| What to produce |
Each line below is to be copied exactly; images do not go into the copy.

| Recorded information |
****************************************

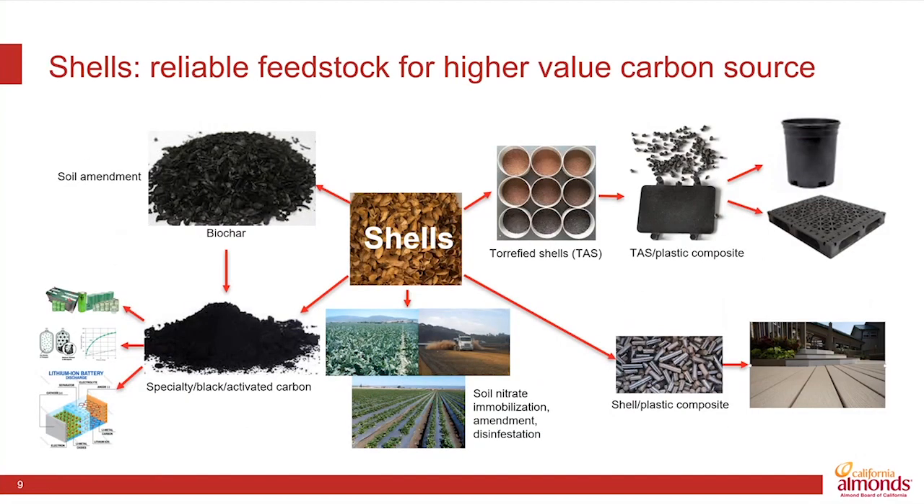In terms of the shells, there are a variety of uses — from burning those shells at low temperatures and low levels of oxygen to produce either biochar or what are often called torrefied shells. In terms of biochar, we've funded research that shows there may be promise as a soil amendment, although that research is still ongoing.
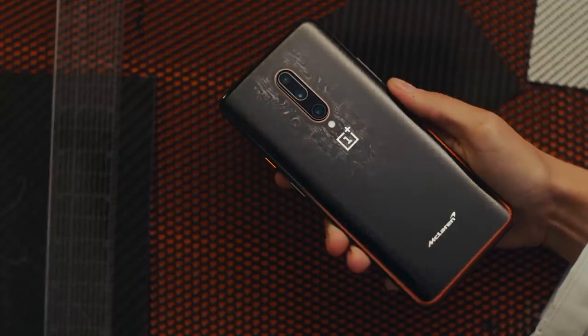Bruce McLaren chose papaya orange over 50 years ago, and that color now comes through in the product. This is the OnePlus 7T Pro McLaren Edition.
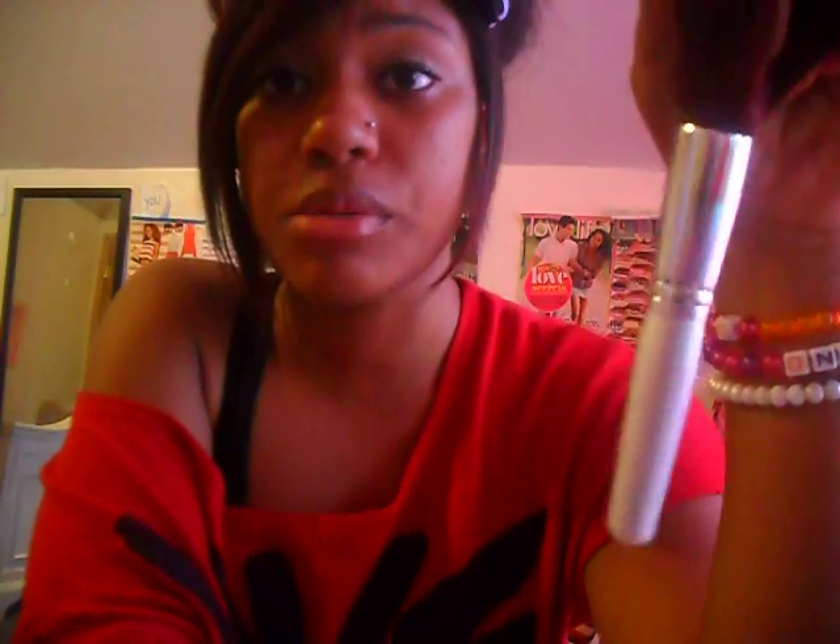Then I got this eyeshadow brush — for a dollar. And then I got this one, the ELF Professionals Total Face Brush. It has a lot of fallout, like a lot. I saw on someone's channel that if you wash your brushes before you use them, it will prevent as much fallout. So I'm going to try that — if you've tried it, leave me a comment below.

****************************************

| Expected output |
In terms of the shells, there are a variety of uses — from burning those shells at low temperatures and low levels of oxygen to produce either biochar or what are often called torrefied shells. In terms of biochar, we've funded research that shows there may be promise as a soil amendment, although that research is still ongoing.
Bruce McLaren chose papaya orange over 50 years ago, and that color now comes through in the product. This is the OnePlus 7T Pro McLaren Edition.
Then I got this eyeshadow brush — for a dollar. And then I got this one, the ELF Professionals Total Face Brush. It has a lot of fallout, like a lot. I saw on someone's channel that if you wash your brushes before you use them, it will prevent as much fallout. So I'm going to try that — if you've tried it, leave me a comment below.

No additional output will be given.